By Matt TuretZky
January 23, 2019
Many arbitration agreements contain a delegation clause – i.e., a clause delegating to an arbitrator the determination of whether a dispute is subject to arbitration. When a party to such an agreement files a lawsuit in court, the court must then first decide whether it can decide arbitrability, or whether it must defer to the arbitrator under the delegation clause. The Supreme Court recently issued two unanimous decisions on this topic within a week. Both decisions have implications for companies that use delegation clauses in their arbitration agreements.
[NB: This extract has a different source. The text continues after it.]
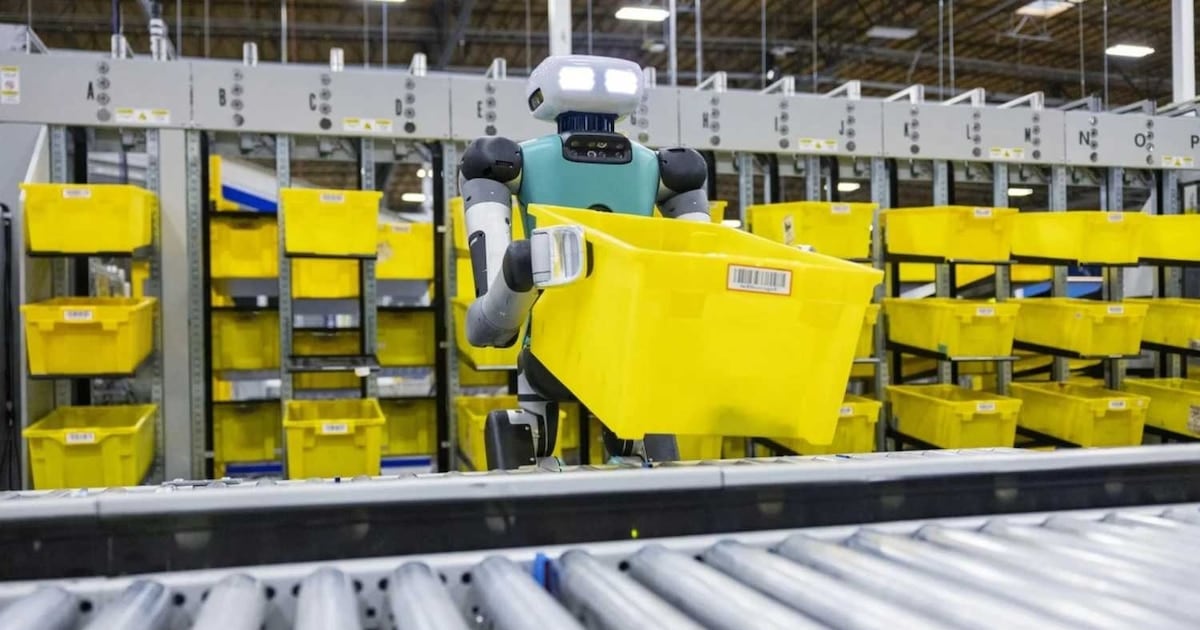 Un millón de robots y todavía se golpean más que antes: el dilema que Amazon no sabe cómo contar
In the first case, Henry Schein, Inc. v. Archer & White Sales, Inc., No. 17-1272, 2019 WL 122164, the Court held that lower courts must defer to an arbitrator’s determination of arbitrability when the arbitration agreement contains a clear and unambiguous delegation clause. The Court rejected a “wholly groundless” exception, under which a court could still decide arbitrability when there is no “plausible argument that the arbitration agreement requires the merits of the claim to be arbitrated.” Archer & White Sales, Inc. v. Henry Schein, Inc., 878 F.3d 488, 495 (5th Cir. 2017). The Court held that even in a situation when the “wholly groundless” exception could apply, lower courts must defer to an arbitrator’s determination of arbitrability, because under the Federal Arbitration Act, “[w]hen the parties’ contract delegates the arbitrability question to an arbitrator, a court may not override the contract.” The Court rejected the argument that “it is easy to tell when argument for arbitration of a particular dispute is wholly groundless.” It explained the exception would create collateral litigation, which it described as “a time-consuming sideshow.”
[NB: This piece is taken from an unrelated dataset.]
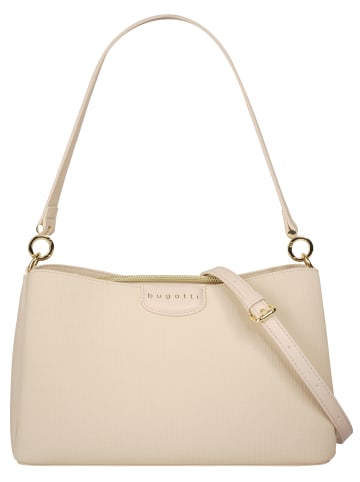Bugatti Umhängetasche LEAH Kunstfaser in beige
The Court left open whether the specific contract at issue in fact delegated the arbitrability question to the arbitrator. The Court noted that the lower courts did not decide the issue and that courts “should not assume that the parties agreed to arbitrate arbitrability unless there is clear and unmistakable evidence that they did so.”
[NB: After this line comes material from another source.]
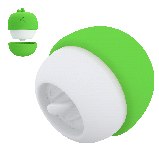 Кліторальний стимулятор з 12 режимами на акумуляторі Pretty Love Apple Secret Green – справжній секрет вашого задоволення, фото 2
One week later, the Supreme Court issued its decision in New Prime, Inc. v. Oliveira, No. 17-340. In that case, the Court held that a lower court must first decide whether an arbitration agreement is subject to the Federal Arbitration Act even when the arbitration agreement contains a clear delegation clause. In New Prime, Oliveira argued section 1 of the Federal Arbitration Act carves out from the Act’s coverage “contracts of employment of . . . workers engaged in foreign or interstate commerce.” Oliveira argued that as an independent contractor working as a truck driver for New Prime, his contract fell within the Act’s carve-out, notwithstanding the delegation clause.
The Court addressed two questions. First, whether lower courts should, before compelling arbitration in accordance with a delegation clause, determine whether the arbitration agreement was subject to the Federal Arbitration Act? And if so, are “independent contractors” such as Oliveira within the ambit of the carve out for “contracts of employment”?
On the first issue, the Court held “a court should decide for itself whether §1’s ‘contracts of employment’ exclusion applies before ordering arbitration,” because only pursuant to the Federal Arbitration Act could a court compel arbitration. “The parties’ private agreement may be crystal clear and requires arbitration of every question under the sun, but that does not necessarily mean the Act authorizes a court to stay litigation and send the parties to an arbitral forum.” The Court therefore held that courts should first decide whether the arbitration agreement is excluded from the Act before compelling arbitration, even when a delegation clause is present.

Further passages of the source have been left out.